How to Sell Your House

Congratulations! You’ve decided to sell your home. Unfortunately, it’s not as easy as putting a “For Sale” sign on the front lawn and waiting for the perfect buyer to come knocking. There are countless factors to consider before you even list your home for sale. 

From figuring out your finances and future plans to hiring an estate agent, you’ll be faced with some major life decisions. But, don’t worry! In this guide, we’ll cover every step of the house selling process so you can close one chapter and start the next without losing your life savings (or your mind)!


Ask Yourself, “Should I Sell My Home?”

Before you can list your home, you have to decide if the time is right and consider other options first. Start by asking yourself why you want to sell.  Are you moving because you need more space? 

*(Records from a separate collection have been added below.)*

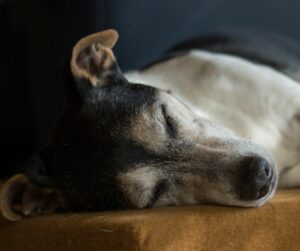 sleeping deaf terrier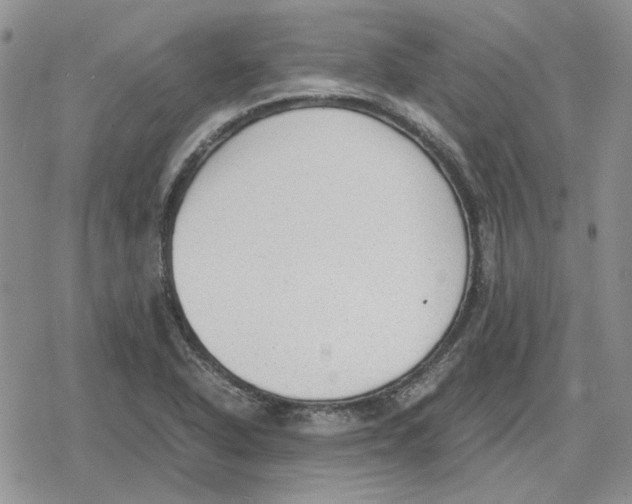 X0000079321318200612151807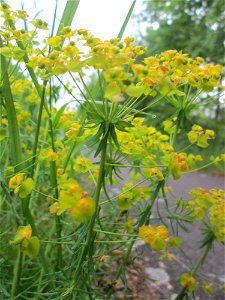 Zypressen-Wolfsmilch (Euphorbia cyparissias) im Landschaftsschutsgebiet „Saalbachniederung“ bei Hambrücken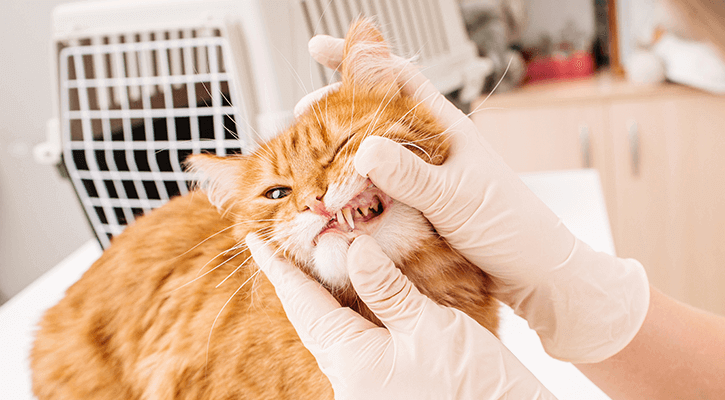 Cat teeth cleaning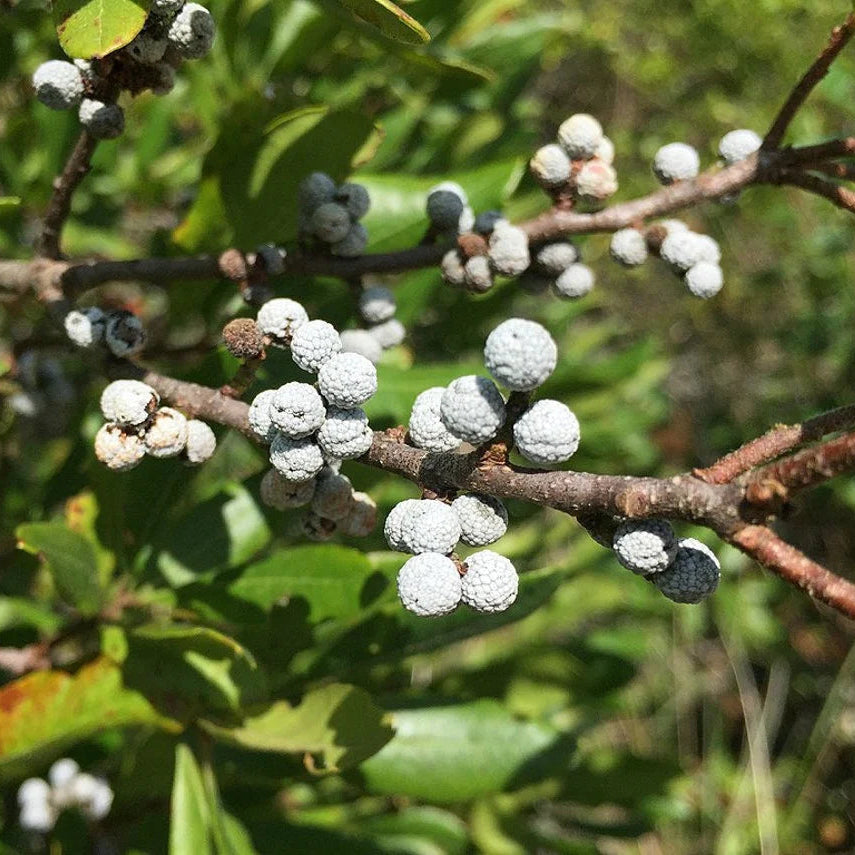 Northern Bayberry seeds for drought-tolerant landscape plants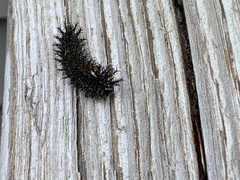 Hemileuca maia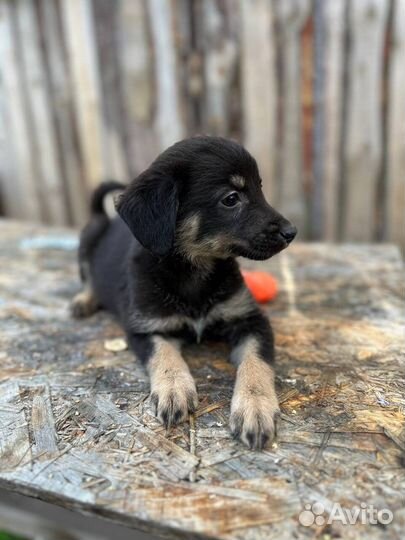 Щенки в добрые руки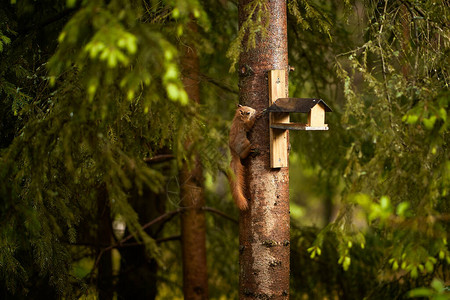 大松鼠在夏季森林的一棵树上吃图片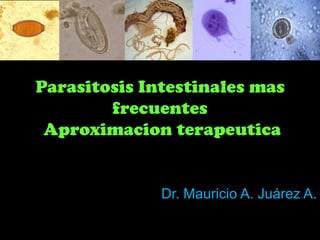 Parasitosis Intestinales mas
frecuentes
Aproximacion terapeutica
Dr. Mauricio A. Juárez A.
 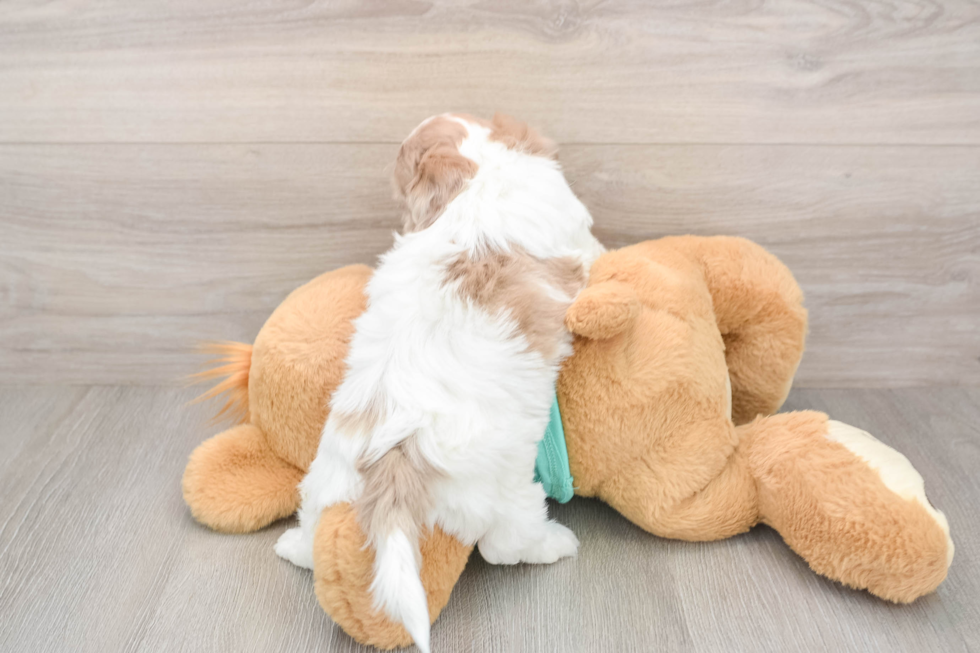 Friendly Shih Poo Baby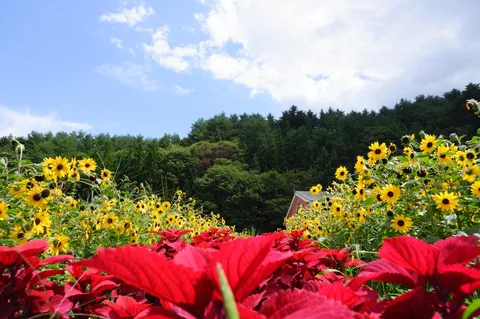 花畑と青空の光景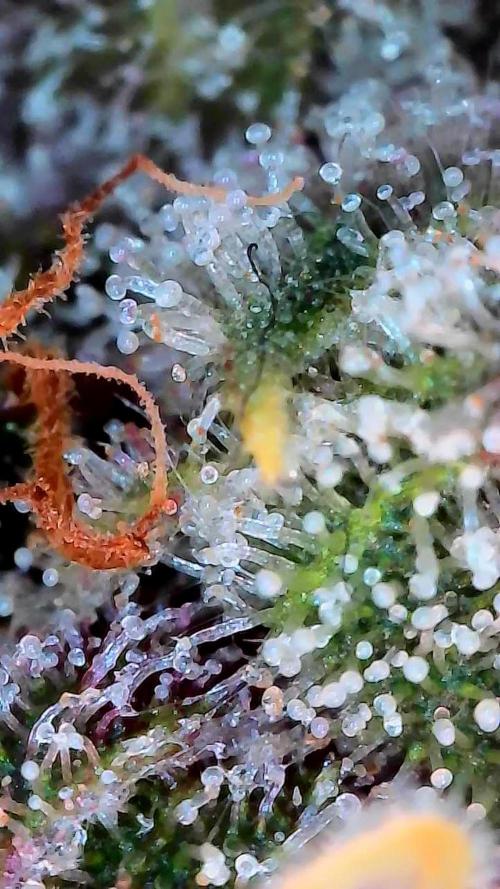 Paradise Pine(Paradise PunchxWTR). Week 14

If so, consider the cost of putting on an addition. This is especially cost-effective if you love your current home and location. Instead of selling your house and uprooting your life, see if you can transform your current home into your dream home! 

If you’re relocating for work, school, or other personal reasons, that’s something you can’t fix with renovations. You can, however, think about renting out your current home rather than selling it. While being a landlord comes with a certain level of responsibility (and sometimes, stress), it’s also a great way to bring in passive income. 

Once you’ve decided that selling your home is the best choice, you can start the process. Here’s how!


Consider Your Finances

When it comes to selling your home, the first thing to look at is your finances. Here are a few things to consider: 

  • Do you have a current mortgage on your home and if so, how much do you owe?
  • What other debt do you have?
  • How much is your house worth?
  • How much money do you need to purchase your next home?


If you do have a mortgage on your current home, it’s important to find out if you’ll incur any penalty fees for paying it off early. Ask your lender or check your contract. You can also ask about taking your current mortgage with you to your next property. This is known as porting. 

Remortgaging is also a popular option and best if your current mortgage agreement is coming to an end or your next property is more expensive than your current home. 

Keep in mind that most of the figures you’re working with now are rough estimates. 

There’s no way to know if you’ll get the asking price for your current home or if your new hours will require repairs or renovations. 

When considering costs, don’t forget about realtor and attorney fees as well as closing and moving costs. Every expense should be calculated into your current finances and budget. 


Choose Your Next Residence

Do you already know where you plan to move to? Perhaps you even have a house picked out. Are you planning to buy or rent? Some homeowners choose to rent for a short period of time before purchasing another home. 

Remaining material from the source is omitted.